Ma questa è soltanto una delle tante contraddizioni tra le due Ruby, il cui unico trait d'union sta nell'avere sempre negato di aver avuto rapporti sessuali con l'ex premier. Il contrasto tra i cinque verbali e la testimonianza dello scorso maggio salta agli occhi già dalla definizione data all'espressione bung-bunga: «Berlusconi mi spiegò che consisteva in una specie di harem che aveva copiato dal suo amico Gheddafi» raccontava Ruby nel luglio 2010 agli inquirenti, fornendo altri particolari: «Le ragazze si fermavano ad Arcore soltanto per esaudire i suoi desideri»; c'erano giovani «completamente nude» che volevano «farsi notare da Berlusconi con atti sessuali sempre piu' spinti». E per lei, aggiungeva, non era stato «difficile intuire che mi proponeva di fare sesso con lui».

Davanti ai pm tre anni fa e in aula, comunque, la ragazza ha sempre detto di non avere mai avuto rapporti intimi con Berlusconi. Davanti ai giudici, però, ha descritto le serate con toni molto diversi rispetto alle dichiarazioni rese durante le indagini: cene e dopo-cena con qualche travestimento sexy, ma assolutamente mai senza sesso e senza contatti fisici. Mentre il bunga-bunga nella testimonianza in aula è stato ridotto al «nome della sala, preso da una barzelletta».

L’attendibilità della teste (misteriosamente mai dichiarata parte lesa nel processo) è minata anche da altri due elementi: il primo è relativo alla persona che la portò ad Arcore la prima volta, il 14 febbraio 2010. Davanti ai pm la ragazza ha sostenuto che era stata «chiamata da Emilio Fede», mentre in udienza ha raccontato che Mora «mi mandò un’auto» che poi passo a prendere, senza che lei lo sapesse, l'ex direttore del Tg4.
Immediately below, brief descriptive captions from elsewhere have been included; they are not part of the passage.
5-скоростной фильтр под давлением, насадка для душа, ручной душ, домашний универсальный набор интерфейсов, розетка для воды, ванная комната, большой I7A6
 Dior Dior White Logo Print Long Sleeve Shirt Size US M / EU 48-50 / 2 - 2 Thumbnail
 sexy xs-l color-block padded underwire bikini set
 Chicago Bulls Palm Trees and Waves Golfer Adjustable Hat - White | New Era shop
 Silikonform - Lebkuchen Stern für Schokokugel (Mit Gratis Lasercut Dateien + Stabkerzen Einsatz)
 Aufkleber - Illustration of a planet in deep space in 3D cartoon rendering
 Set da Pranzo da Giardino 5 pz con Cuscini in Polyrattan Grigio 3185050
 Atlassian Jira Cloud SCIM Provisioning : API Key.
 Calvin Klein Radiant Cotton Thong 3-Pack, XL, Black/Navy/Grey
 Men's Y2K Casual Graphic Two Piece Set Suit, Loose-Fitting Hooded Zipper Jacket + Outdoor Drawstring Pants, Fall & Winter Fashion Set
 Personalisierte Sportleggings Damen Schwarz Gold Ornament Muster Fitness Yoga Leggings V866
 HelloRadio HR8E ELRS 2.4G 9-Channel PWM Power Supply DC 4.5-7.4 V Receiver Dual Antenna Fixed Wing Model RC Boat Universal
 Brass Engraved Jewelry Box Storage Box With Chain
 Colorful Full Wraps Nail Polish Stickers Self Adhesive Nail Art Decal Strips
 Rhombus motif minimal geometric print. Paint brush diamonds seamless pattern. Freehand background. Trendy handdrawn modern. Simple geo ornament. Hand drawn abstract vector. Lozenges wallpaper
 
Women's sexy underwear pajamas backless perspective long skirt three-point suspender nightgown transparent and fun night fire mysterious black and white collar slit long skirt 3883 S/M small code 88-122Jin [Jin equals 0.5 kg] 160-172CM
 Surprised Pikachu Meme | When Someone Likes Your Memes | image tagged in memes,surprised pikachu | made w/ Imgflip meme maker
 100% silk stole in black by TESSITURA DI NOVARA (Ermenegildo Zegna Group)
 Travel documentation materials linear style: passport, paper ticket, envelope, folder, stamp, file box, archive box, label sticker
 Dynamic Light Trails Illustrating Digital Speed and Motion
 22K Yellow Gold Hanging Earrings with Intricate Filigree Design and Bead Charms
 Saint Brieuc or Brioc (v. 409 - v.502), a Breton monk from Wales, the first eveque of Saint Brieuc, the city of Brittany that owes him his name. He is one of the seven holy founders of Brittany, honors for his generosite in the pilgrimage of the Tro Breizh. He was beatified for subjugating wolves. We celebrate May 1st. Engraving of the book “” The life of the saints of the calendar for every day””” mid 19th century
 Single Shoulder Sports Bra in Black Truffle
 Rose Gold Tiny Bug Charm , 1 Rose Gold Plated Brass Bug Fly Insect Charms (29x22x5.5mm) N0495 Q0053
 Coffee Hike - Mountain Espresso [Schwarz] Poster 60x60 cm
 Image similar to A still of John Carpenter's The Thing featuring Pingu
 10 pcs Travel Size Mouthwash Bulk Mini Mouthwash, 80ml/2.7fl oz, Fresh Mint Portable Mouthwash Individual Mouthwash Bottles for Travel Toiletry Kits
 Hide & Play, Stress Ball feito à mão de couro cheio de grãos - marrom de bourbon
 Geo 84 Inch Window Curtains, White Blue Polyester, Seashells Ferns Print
Il secondo elemento riguarda un punto fondamentale: se Berlusconi fosse o meno a conoscenza che nel 2010 era minorenne. «Berlusconi sapeva che avevo 23-24 anni» ha dichiarato in aula Ruby, aggiungendo che si era presentata a lui come «imparentata col presidente egiziano Mubarak». Una verità diversa da quella affidata ai verbali davanti ai pm. Si può ritenere credibile una vittima-testimone tanto contraddittoria?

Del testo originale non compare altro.